# QLD: Mooloolah River- Happy Birthday to Jew



## imnotoriginal (Jan 13, 2008)

Launched onto the Mooloolah before sunrise this morning with Bruza80. This was his birthday trip, as he turned 31 yesterday (bring on the zimmer frame). The plan was to hit the alley around Minyama Island early and then move up into the canals or the marina.

I started off with a weightless setup but soon found the current was making this difficult to present to the fish and to monitor as the sun hadn't yet risen. Brendan had no such worries and had cast out a squidgy lobby to good effect, taking the day's biggest fish quite early. A nice jew, and from under the same boat my only jew has come from. I didn't even realise he'd hooked it until he was calling for the camera.










It was a great start to the day and gave us plenty of hope that the rising tide might be a good omen. We continued along the alley and I managed a bream before my prawn lure got smacked hard. After a disappointingly short fight I brought in a nice size GT from under a pontoon boat. I was quite surprised I managed to turn him so easily on 4lb line but it was good to get another species in the boat.










We then started moving into the southern canal system but found the going very tough. There were bream in there in good numbers, but they proved to be very difficult to tempt. I tried changing weights in case they were sitting lower while the water was high but was still struggling to tempt a decent strike. After changing lures about 4 or 5 times and Brendan going through the same frustrating process we decided to try somewhere different and made a bee line for the marina.

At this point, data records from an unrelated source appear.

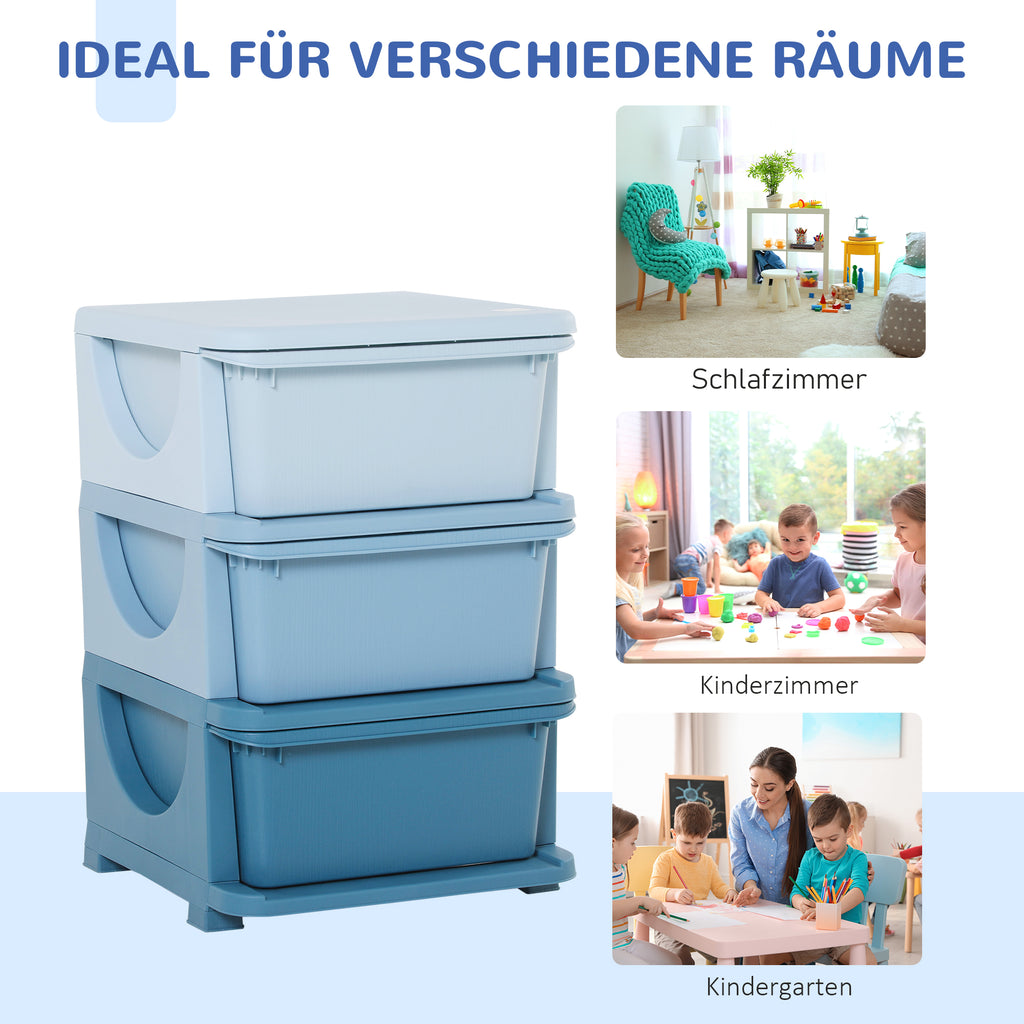 HOMCOM Aufbewahrungsboxen für Kinder, 3 Schubladen, abgerundete Kanten, erhöhtes Design, 37x37x56,5 cm, Blau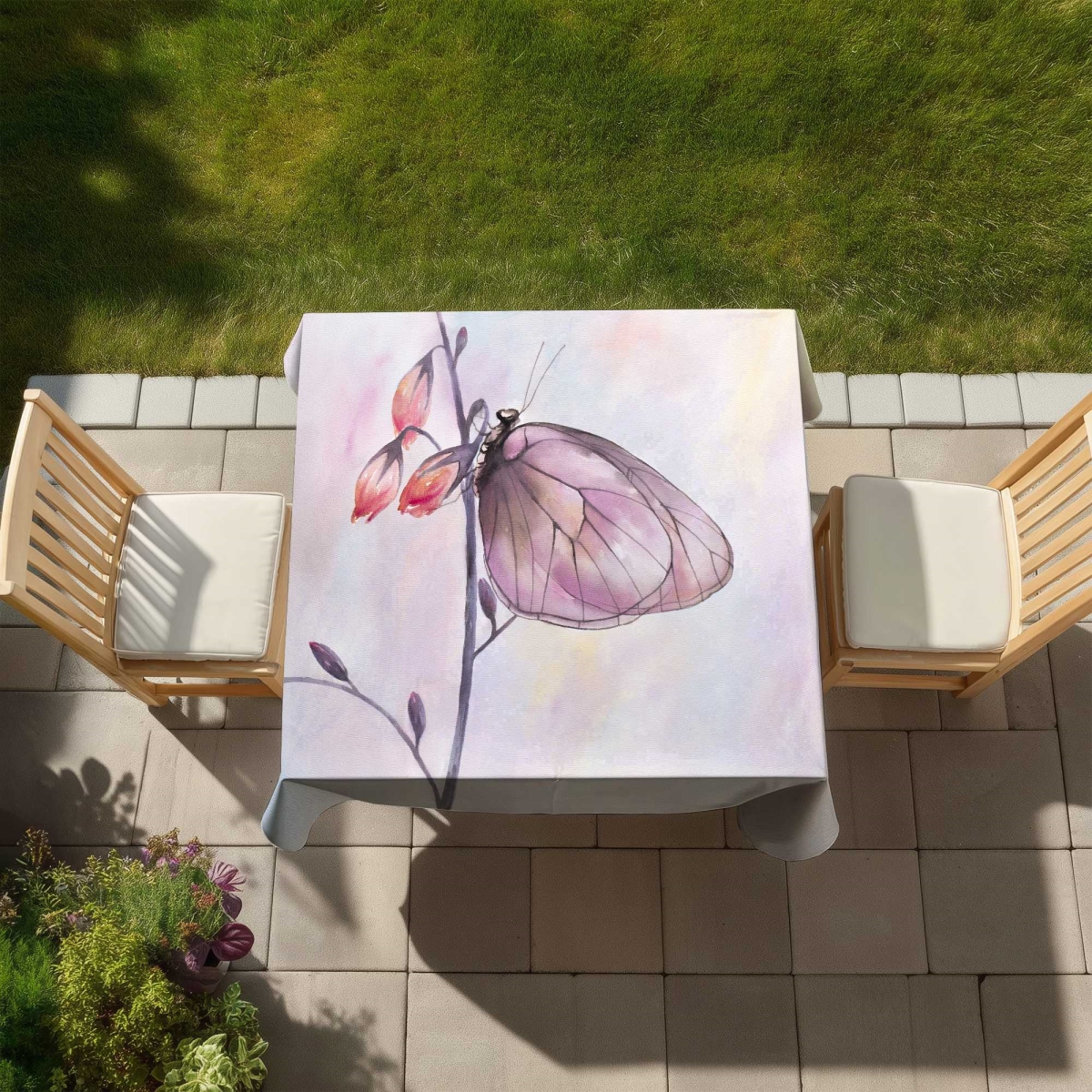 Picture of Begin Home Decor C1TC5858UAP39G 58 x 58 in. Delicate Butterfly Tablecloth - Indoor & Outdoor Home Decor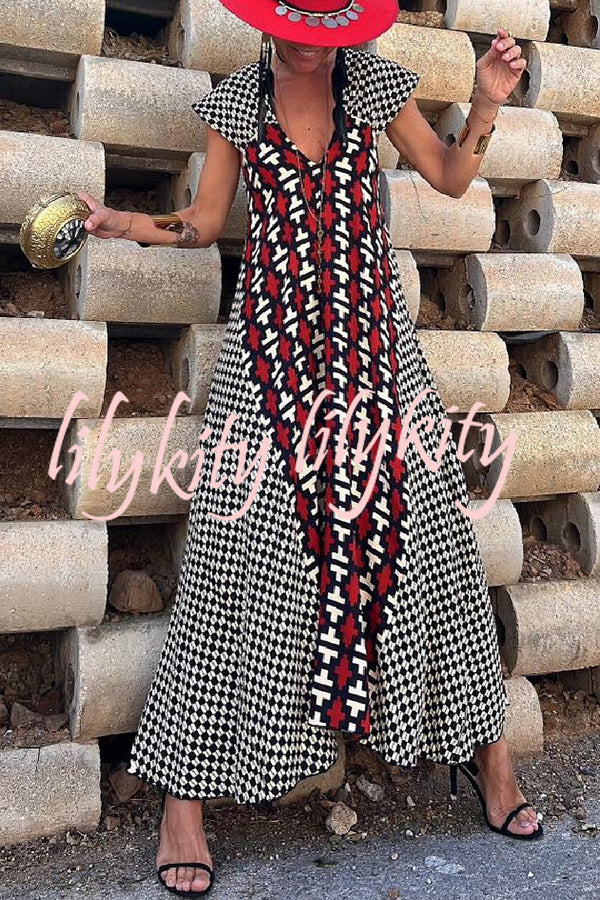 Fresh Breeze Ethnic Unique Print Ruffle Sleeve A-line Maxi Dress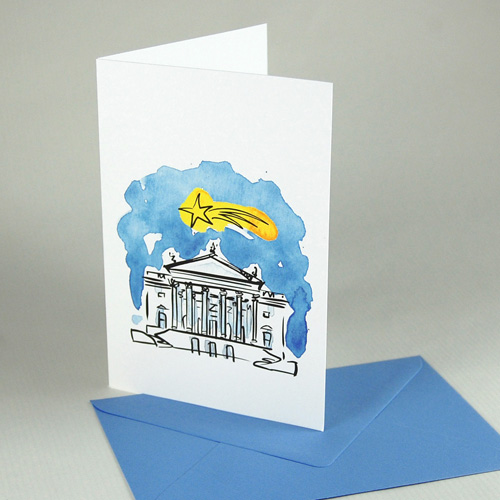 Staatsoper Unter den Linden, christmas cards with blue envelopes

Brendan got done on his first cast by a bream next to one of the yachts and spent a considerable time trying to lure the same fish out again. The fish were much more willing to strike but the current was much stronger and I had to increase my weight to get the plastic in the strike zone. I managed a couple more bream as did Brendan, mine coming on a Damiki Monster Miki that I was jigging. I also caught a tailor from under one of the boats, which added to the day's list of species.










After that it was time to pack up and head in. Tally for the day was one jew, one GT, one tailor and some bream each. Not bad for a lazy Saturday morning.
Joel


----------



## bruza80 (May 31, 2011)

i'm not getting older i'm just turning into a classic


----------



## 4weightfanatic (May 19, 2011)

Top effort guys -well done on the jewie Brendan. Were you able to get out of the wind and did that early shower get you guys ? Nice GT too Joel. I had rain at my place this morning so didn't launch till quarter to seven after it had passed. I'm glad I kept the jumper on as it was quite comfy and reckon it might have been just a little cool. The islands are definately a future spot for summer jackattacks heaps of scope. Cheers PAT


----------



## bruza80 (May 31, 2011)

we got a tiny spit of rain at about 5:15 before ww launched. other than that it was just the bloody wind blowing through making life hard. I reckon it was worse then last weekend.


----------



## clarkey (Jan 13, 2009)

Well done fellas,looks like a good day on the water and a nice variety of species.
Congrats on the Bday jew,you can become a member of the AKFF jew club 
viewtopic.php?f=3&t=19626&hilit=AKFF+Mulloway


----------



## Trento87 (Jun 1, 2011)

Nice work on the jew, I managed 8 little ones from round there thursday night the biggest only going 33 though  . Did you get any trouble fishing around the marina? I always get told I can't fish there by at least one old person on a yacht.


----------



## imnotoriginal (Jan 13, 2008)

Trento87 said:


> Nice work on the jew, I managed 8 little ones from round there thursday night the biggest only going 33 though  . Did you get any trouble fishing around the marina? I always get told I can't fish there by at least one old person on a yacht.


Hi Trent,
we fished the last row of yachts next to the trawlers, there's only one row of yachts there so less chance of being seen by anyone. Thankfully, those who did see us on the day were friendly. I do usually get at least one person having a whinge though, it's worse at the marina at Kawana. 
Joel


----------